Problem to solve → In the entries below, begin at the line that has "CD5L Polyclonal Antibody", stop after the line that has "Korean breast lift", and output those lines exactly with no pictures.

Given data START

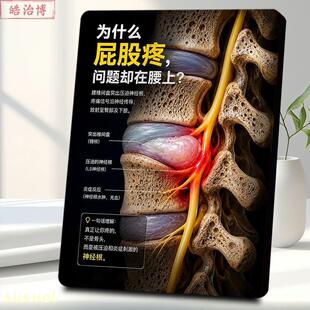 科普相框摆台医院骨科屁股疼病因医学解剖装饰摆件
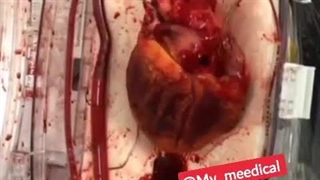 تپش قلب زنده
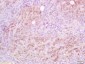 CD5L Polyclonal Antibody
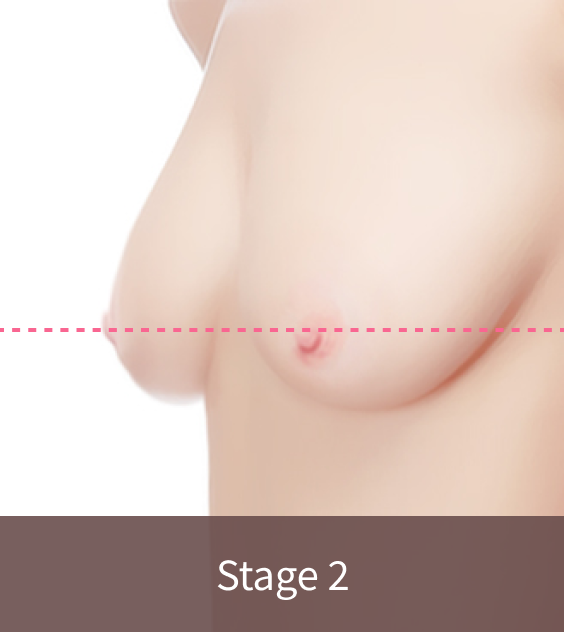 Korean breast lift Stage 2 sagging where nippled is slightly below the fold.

Given data END
Given data START

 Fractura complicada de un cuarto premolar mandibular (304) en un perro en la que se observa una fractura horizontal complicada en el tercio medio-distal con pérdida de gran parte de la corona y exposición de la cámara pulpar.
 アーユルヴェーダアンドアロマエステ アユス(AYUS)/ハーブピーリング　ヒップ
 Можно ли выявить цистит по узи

Given data END

Written solution →
 CD5L Polyclonal Antibody
 Korean breast lift Stage 2 sagging where nippled is slightly below the fold.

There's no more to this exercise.